Friday's Market Minute: Technology Stocks Overshadow Concerns of the Debt Ceiling

Equites were mixed in yesterday’s trading, with the Nasdaq remaining in a strong continuation pattern on the back of strong revenue guidance from Nvidia (NVDA) while the broader S&P 500 is still unable break above late January highs.

The recent excitement around technology stocks has overshadowed the debt ceiling impasse, which remains a concern, as well as interest rates and the U.S. dollar that have been moving higher against major reserve currency peers such as the yen and euro. The yield on 2-year Treasury notes has also quietly risen to the highest level since the regional bank stress began back in March.

Since the Fed makes policy decisions that closely track the two-year yield, the recent rise implies the bond market is currently at ease with the banking system as well as perhaps the expectation of an amicable resolution to the ongoing debt ceiling debate.

When it comes to the health of the overall economy, the spread between 3-month and 10-year Treasuries remains deeply inverted, suggesting a recession is on the horizon. However, it is extremely difficult to pinpoint the exact time, magnitude, and duration of economic contraction.

Along with the yield curve inversion, the trend in initial jobless claims must also begin to rise along with consecutive monthly upticks in unemployment.
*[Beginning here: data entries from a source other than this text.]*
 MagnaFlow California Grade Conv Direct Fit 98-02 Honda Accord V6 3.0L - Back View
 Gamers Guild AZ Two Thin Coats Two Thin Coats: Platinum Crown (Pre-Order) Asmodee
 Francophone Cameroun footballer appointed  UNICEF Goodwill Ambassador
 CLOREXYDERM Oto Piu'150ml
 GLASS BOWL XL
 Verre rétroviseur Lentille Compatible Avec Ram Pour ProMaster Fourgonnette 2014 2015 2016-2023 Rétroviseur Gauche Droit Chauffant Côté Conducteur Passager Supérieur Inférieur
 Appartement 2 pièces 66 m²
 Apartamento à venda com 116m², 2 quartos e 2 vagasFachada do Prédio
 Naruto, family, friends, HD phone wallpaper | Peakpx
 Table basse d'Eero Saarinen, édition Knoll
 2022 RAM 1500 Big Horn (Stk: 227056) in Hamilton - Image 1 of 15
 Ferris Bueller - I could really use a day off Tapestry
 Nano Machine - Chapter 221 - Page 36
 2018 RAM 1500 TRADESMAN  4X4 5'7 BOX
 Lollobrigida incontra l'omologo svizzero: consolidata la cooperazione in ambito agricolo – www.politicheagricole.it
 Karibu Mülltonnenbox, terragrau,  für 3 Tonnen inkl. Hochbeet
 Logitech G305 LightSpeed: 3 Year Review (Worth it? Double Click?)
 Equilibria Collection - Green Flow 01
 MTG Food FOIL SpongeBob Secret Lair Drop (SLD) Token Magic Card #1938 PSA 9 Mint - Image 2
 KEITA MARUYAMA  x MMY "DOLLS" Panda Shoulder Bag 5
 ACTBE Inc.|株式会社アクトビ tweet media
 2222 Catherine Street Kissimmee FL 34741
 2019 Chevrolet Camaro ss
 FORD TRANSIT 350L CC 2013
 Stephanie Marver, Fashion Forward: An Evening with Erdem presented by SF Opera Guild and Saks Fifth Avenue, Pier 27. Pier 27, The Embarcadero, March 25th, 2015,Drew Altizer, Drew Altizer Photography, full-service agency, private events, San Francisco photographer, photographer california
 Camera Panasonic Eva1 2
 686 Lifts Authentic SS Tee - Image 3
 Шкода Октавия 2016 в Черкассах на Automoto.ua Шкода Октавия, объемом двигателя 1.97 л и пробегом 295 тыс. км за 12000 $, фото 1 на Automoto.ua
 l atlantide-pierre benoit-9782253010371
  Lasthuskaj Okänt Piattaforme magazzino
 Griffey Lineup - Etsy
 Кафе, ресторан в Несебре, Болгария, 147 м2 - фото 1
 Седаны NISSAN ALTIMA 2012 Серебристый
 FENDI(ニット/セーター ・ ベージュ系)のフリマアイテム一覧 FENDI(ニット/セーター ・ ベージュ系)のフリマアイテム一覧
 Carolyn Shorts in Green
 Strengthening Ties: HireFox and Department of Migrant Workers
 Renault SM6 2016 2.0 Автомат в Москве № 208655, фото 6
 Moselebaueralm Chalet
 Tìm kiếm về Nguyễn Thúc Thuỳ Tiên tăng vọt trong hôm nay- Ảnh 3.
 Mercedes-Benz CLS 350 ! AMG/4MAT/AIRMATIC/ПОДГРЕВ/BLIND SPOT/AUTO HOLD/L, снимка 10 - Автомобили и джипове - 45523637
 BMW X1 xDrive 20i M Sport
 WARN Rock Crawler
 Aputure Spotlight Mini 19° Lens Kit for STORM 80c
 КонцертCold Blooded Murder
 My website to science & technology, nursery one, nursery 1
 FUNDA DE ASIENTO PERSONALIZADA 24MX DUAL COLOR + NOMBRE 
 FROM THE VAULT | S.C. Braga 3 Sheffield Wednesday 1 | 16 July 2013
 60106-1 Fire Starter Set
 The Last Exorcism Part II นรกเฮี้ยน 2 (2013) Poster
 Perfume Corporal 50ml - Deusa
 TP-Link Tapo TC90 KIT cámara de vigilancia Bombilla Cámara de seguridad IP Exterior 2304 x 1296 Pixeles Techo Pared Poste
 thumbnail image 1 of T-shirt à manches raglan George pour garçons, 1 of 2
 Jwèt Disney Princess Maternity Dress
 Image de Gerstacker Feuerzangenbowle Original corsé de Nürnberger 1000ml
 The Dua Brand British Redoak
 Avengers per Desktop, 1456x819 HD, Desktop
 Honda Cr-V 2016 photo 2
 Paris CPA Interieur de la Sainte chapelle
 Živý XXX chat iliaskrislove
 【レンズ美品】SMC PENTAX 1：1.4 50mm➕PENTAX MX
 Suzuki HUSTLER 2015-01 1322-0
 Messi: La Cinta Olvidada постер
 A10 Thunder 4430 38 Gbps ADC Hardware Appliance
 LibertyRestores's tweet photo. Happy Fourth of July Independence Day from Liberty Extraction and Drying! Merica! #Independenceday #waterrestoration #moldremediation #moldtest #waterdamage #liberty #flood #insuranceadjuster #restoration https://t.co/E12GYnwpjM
With that said, new jobless claims printed a lower than expected number this week on top of downward revisions to the previous week.

1Q gross domestic product figures were also revised higher, which corresponds to higher interest rates indicating an economy that is still trending in the right direction. The FOMC meeting minutes released earlier in the week read largely as market participants expected.

There remains a clear divide between committee members that are concerned about the tightening lag and tighter credit conditions and those that feel more hikes are needed due to insufficient progress on inflation so far. With earnings season winding down, investors’ attention will shift to the next labor market report, inflation data, and the mid-June FOMC meeting.